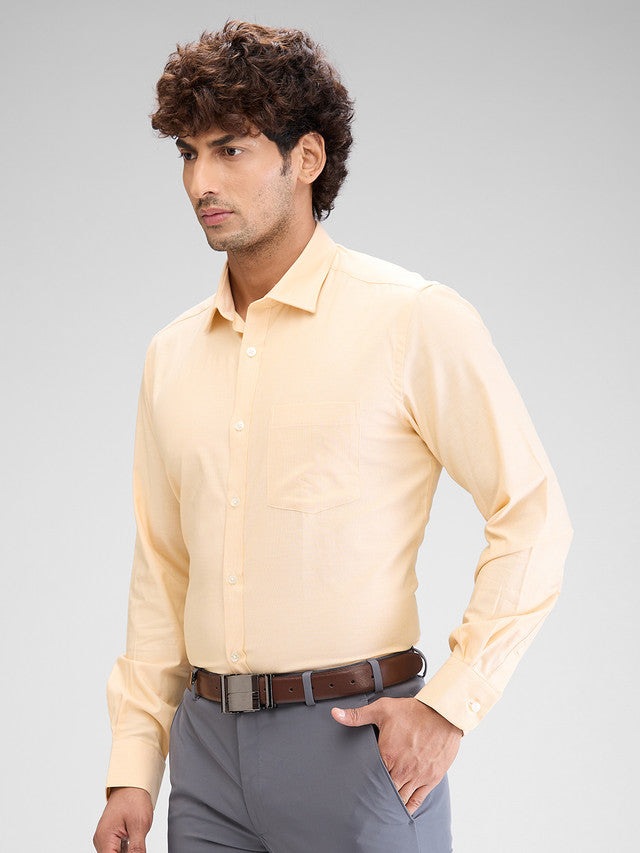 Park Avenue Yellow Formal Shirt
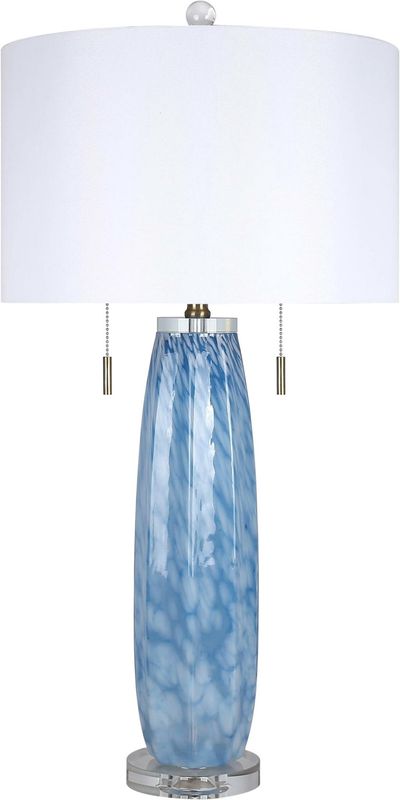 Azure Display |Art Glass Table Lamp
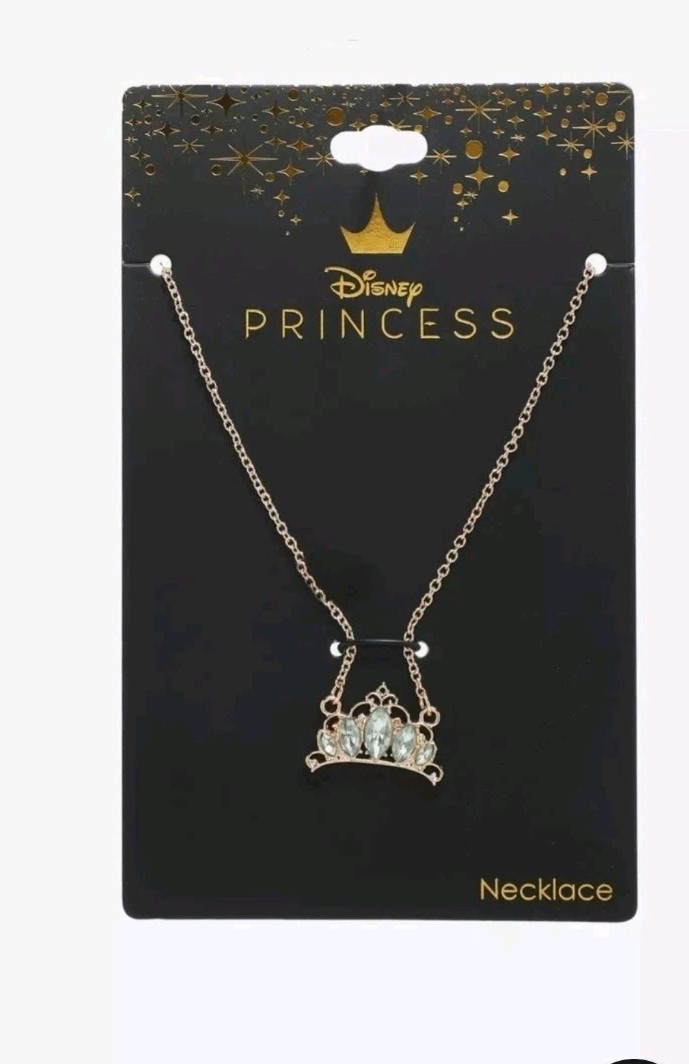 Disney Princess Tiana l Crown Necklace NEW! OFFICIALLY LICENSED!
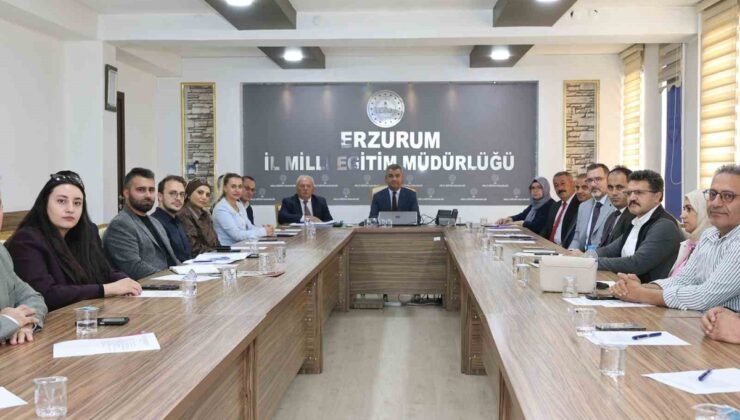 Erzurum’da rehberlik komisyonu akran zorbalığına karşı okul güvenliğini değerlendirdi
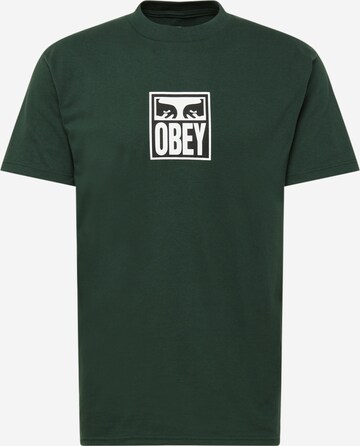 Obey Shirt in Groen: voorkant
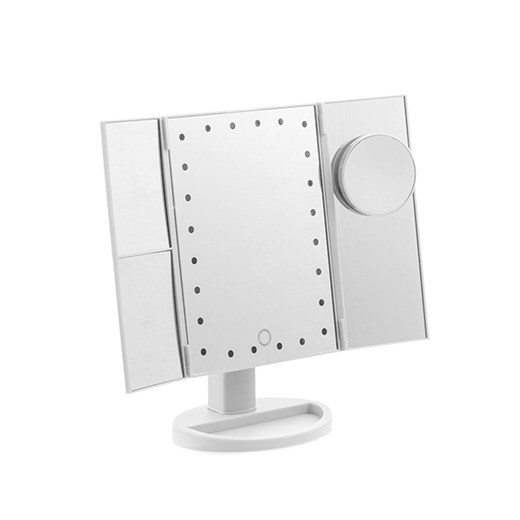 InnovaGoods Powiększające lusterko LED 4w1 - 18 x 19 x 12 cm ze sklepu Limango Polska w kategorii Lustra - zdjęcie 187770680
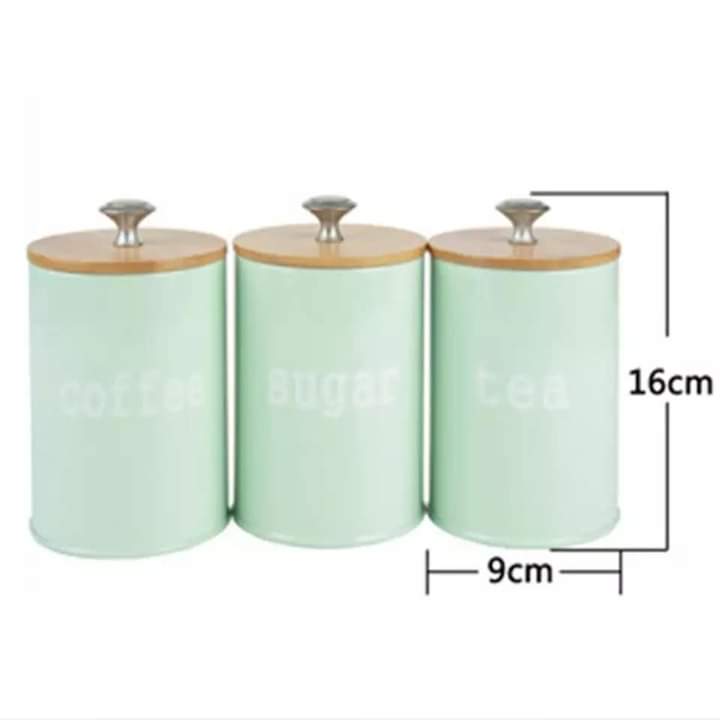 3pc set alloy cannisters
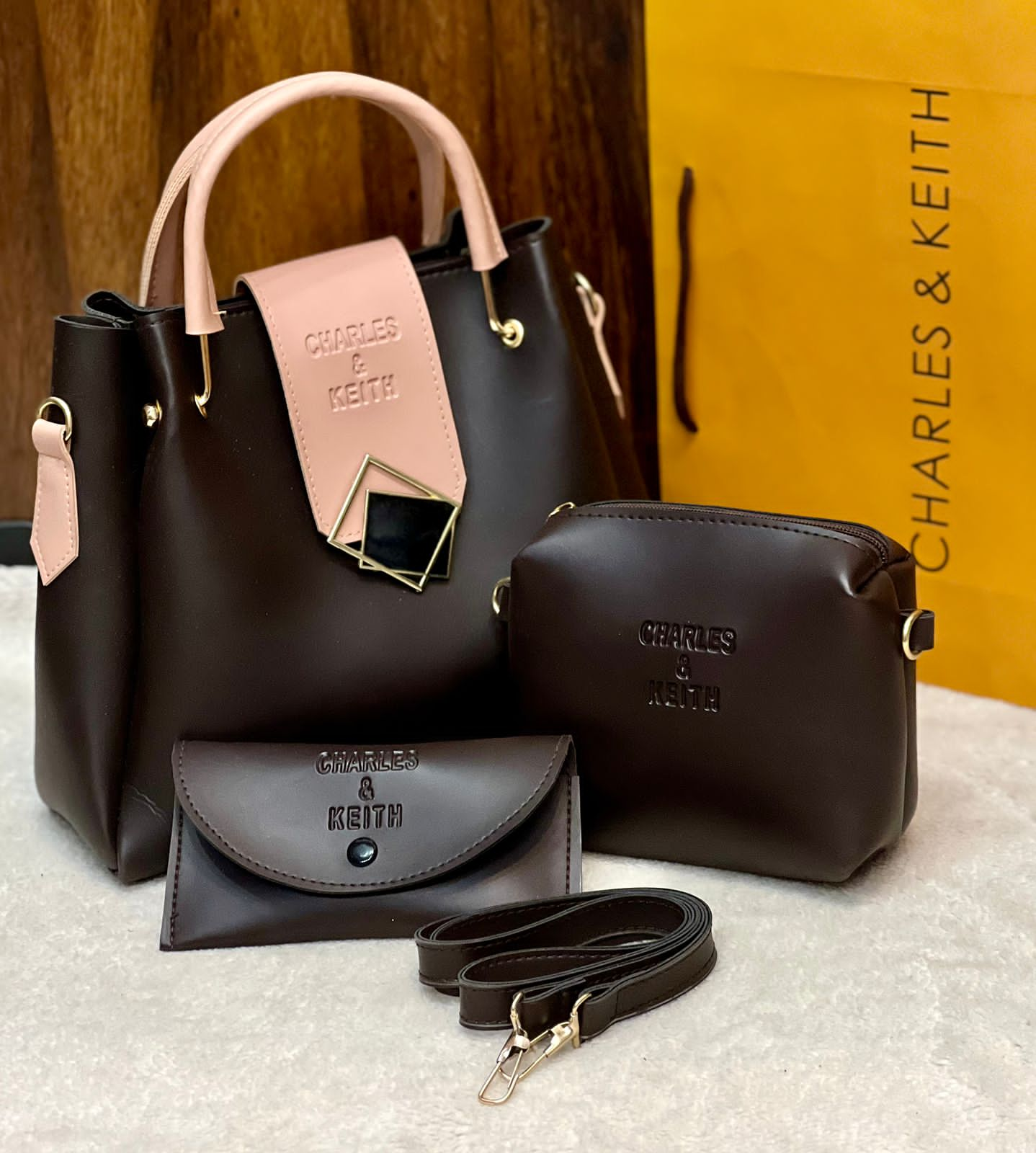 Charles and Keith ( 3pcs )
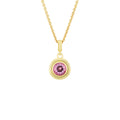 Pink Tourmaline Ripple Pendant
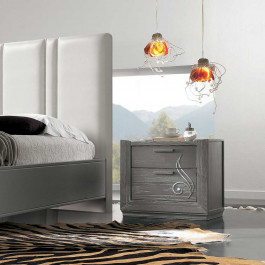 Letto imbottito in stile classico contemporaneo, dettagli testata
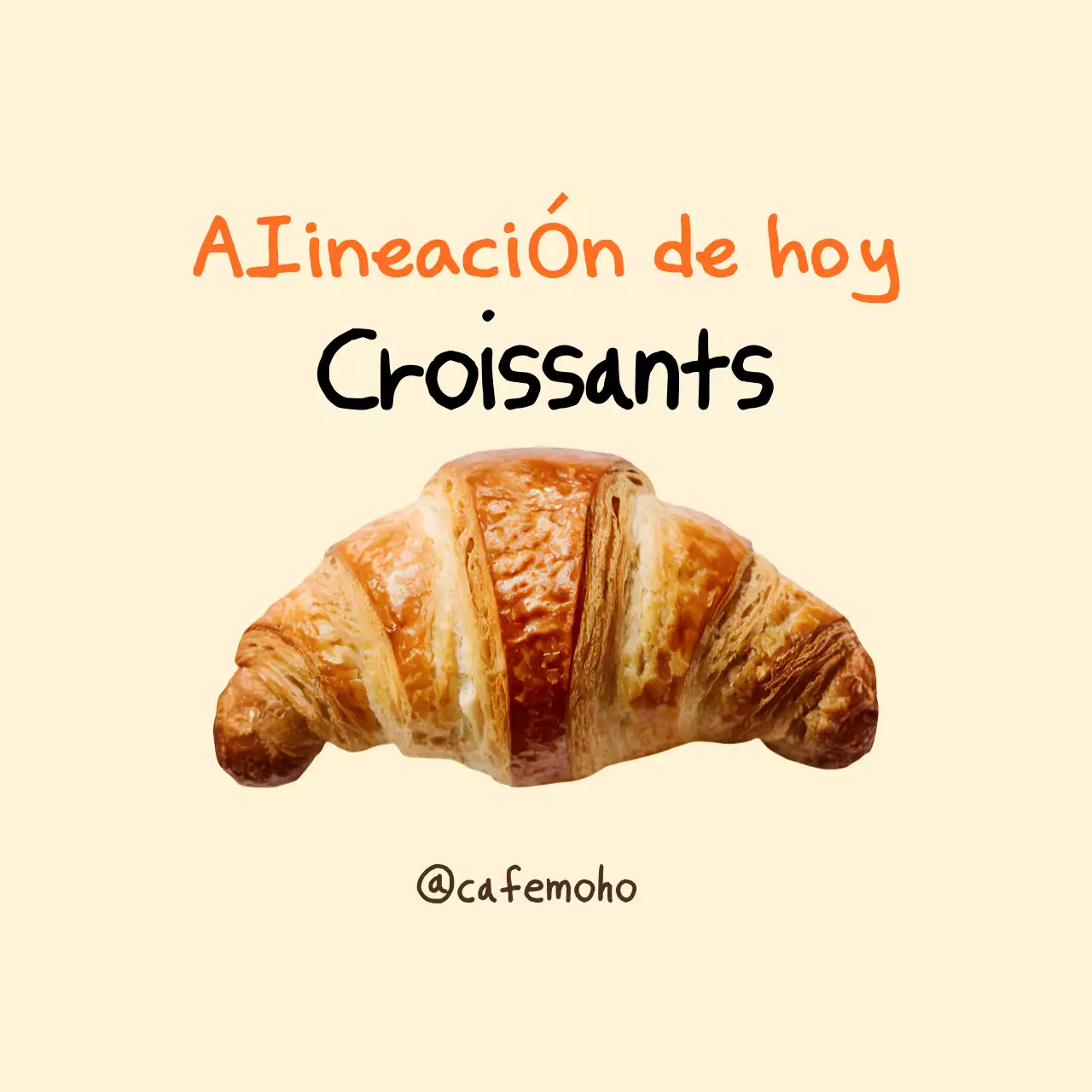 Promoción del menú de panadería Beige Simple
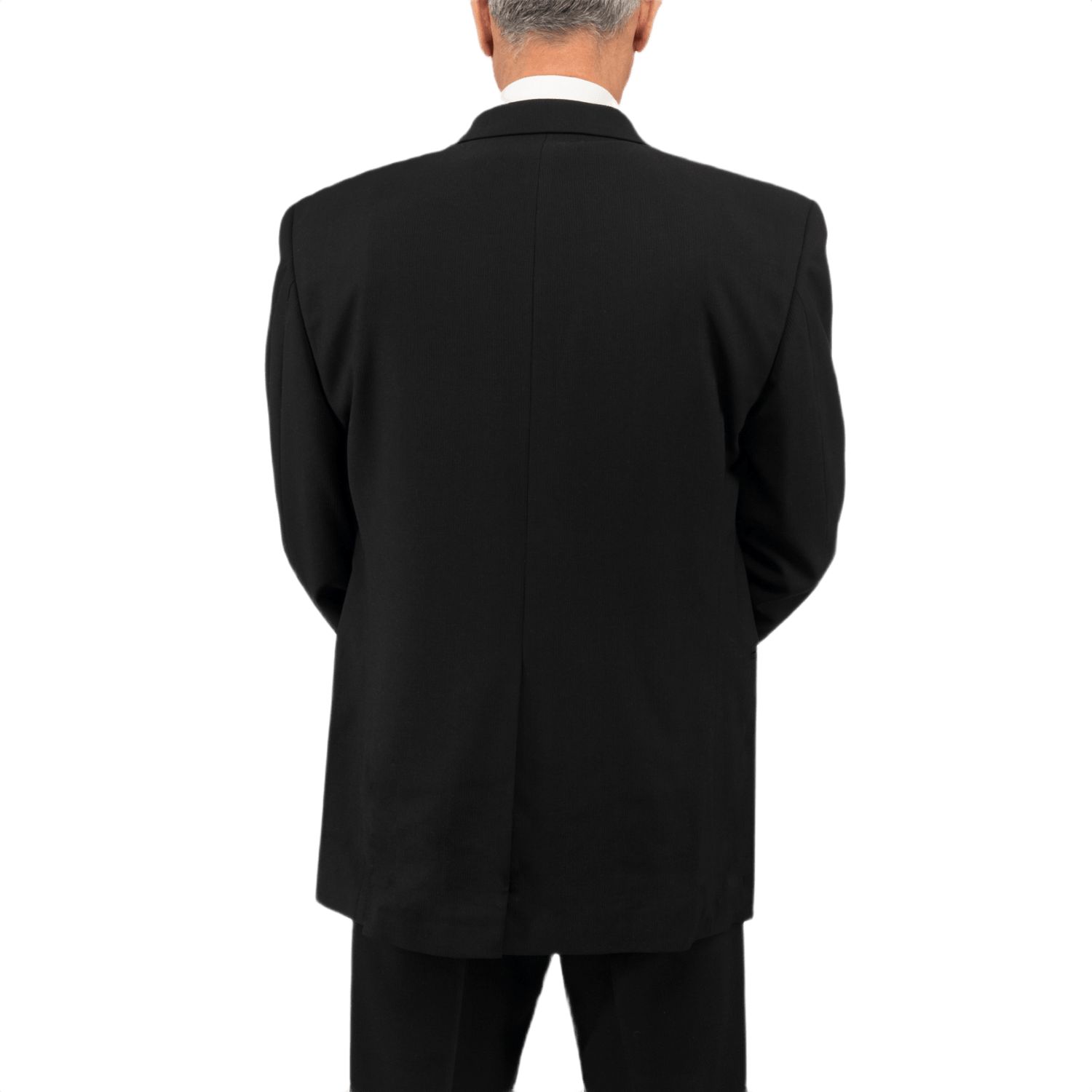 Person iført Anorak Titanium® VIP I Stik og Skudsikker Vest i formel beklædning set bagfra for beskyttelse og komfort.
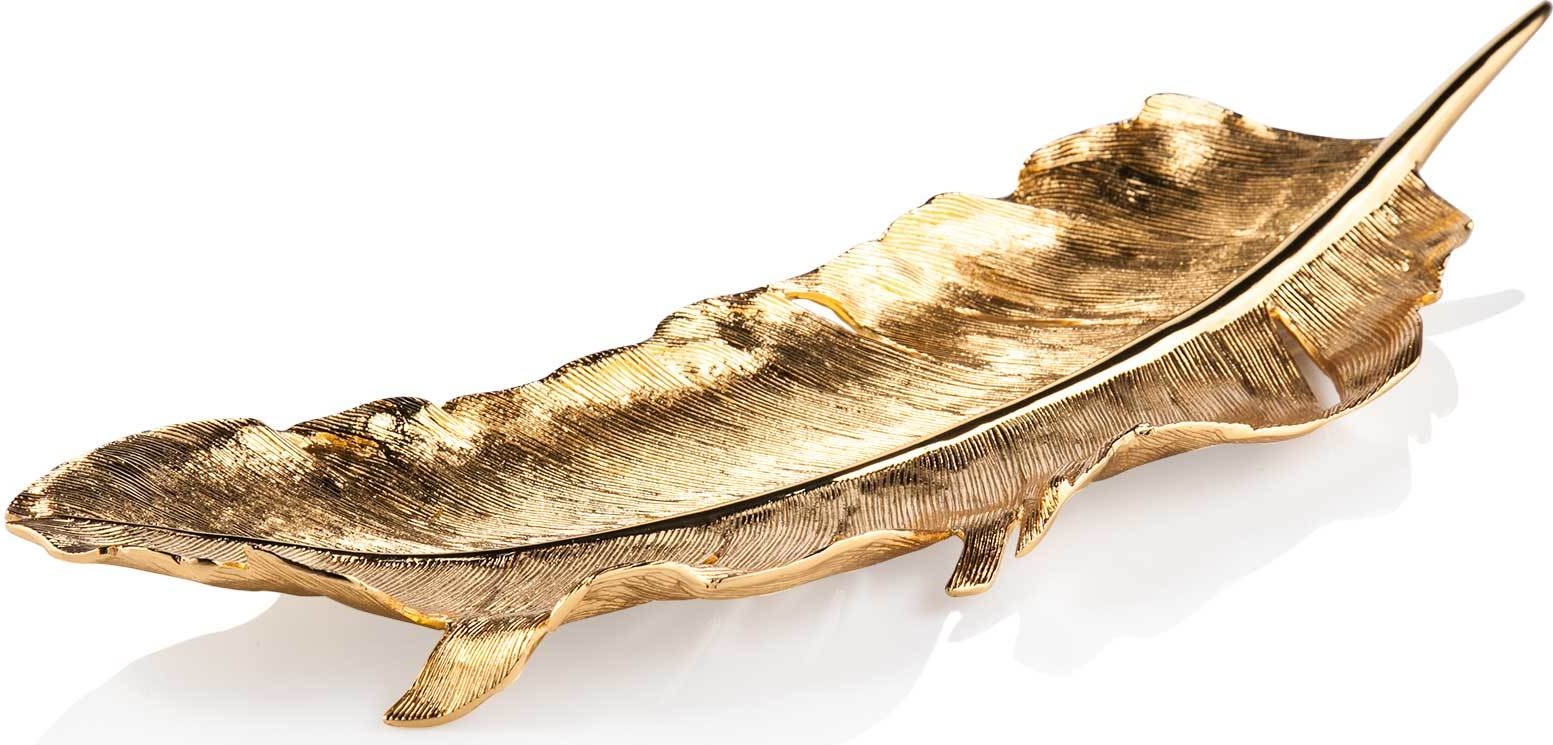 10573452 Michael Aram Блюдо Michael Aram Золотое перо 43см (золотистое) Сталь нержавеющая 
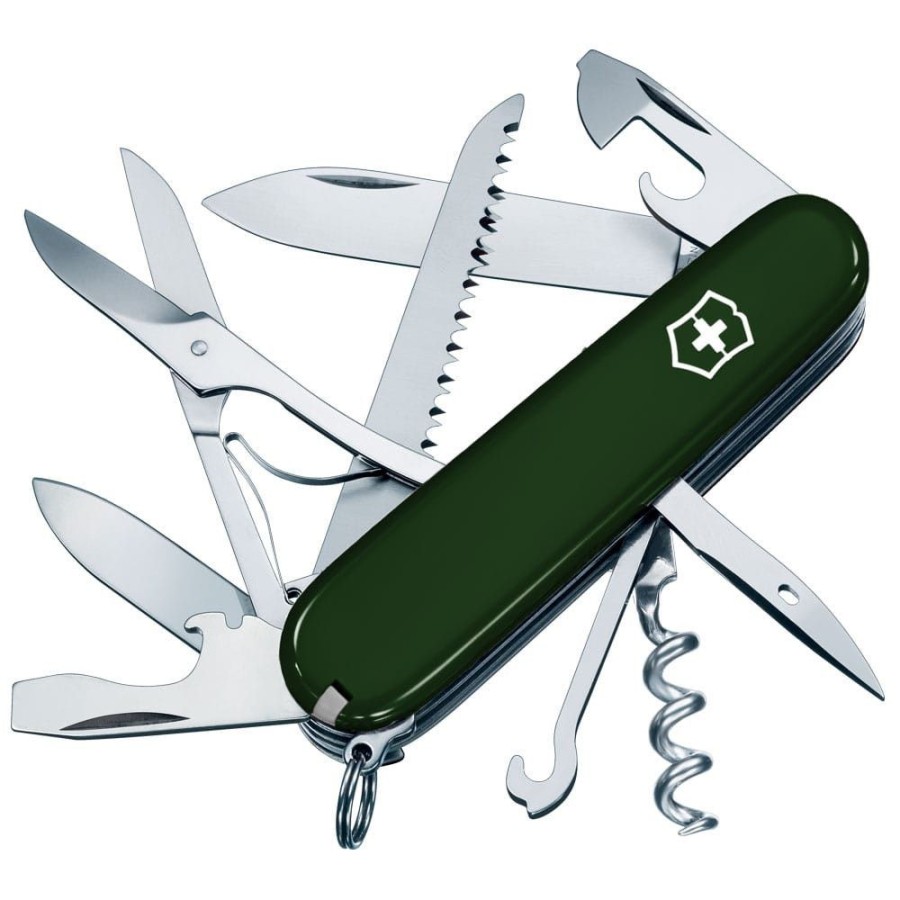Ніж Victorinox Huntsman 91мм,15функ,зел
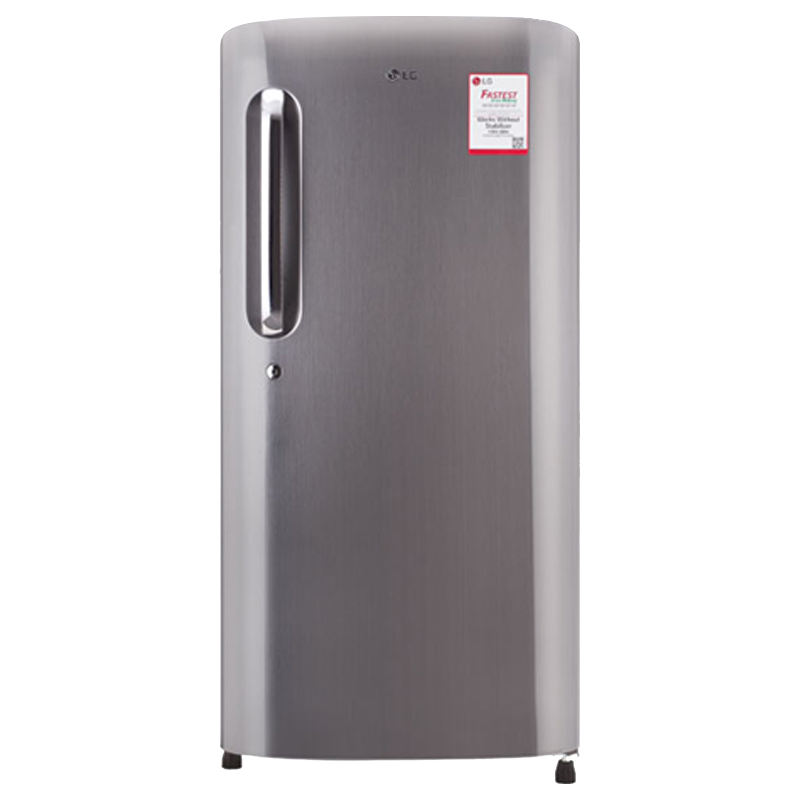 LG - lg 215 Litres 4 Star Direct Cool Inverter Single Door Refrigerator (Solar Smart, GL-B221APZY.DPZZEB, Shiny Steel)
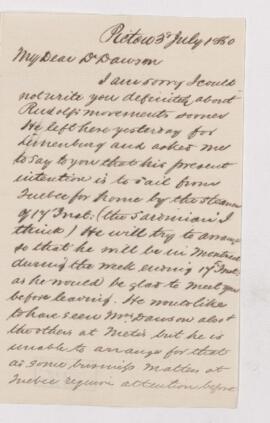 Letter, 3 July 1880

····················

TASK REQUIREMENTS |
After locating the line with "Obey Shirt in Groen: voorkant", transcribe it and the rest of the data above exactly as written, without any picture.

EXERCISE SOLUTION |
 Obey Shirt in Groen: voorkant
 InnovaGoods Powiększające lusterko LED 4w1 - 18 x 19 x 12 cm ze sklepu Limango Polska w kategorii Lustra - zdjęcie 187770680
 3pc set alloy cannisters
 Charles and Keith ( 3pcs )
 Pink Tourmaline Ripple Pendant
 Letto imbottito in stile classico contemporaneo, dettagli testata
 Promoción del menú de panadería Beige Simple
 Person iført Anorak Titanium® VIP I Stik og Skudsikker Vest i formel beklædning set bagfra for beskyttelse og komfort.
 10573452 Michael Aram Блюдо Michael Aram Золотое перо 43см (золотистое) Сталь нержавеющая 
Ніж Victorinox Huntsman 91мм,15функ,зел
 LG - lg 215 Litres 4 Star Direct Cool Inverter Single Door Refrigerator (Solar Smart, GL-B221APZY.DPZZEB, Shiny Steel)
 Letter, 3 July 1880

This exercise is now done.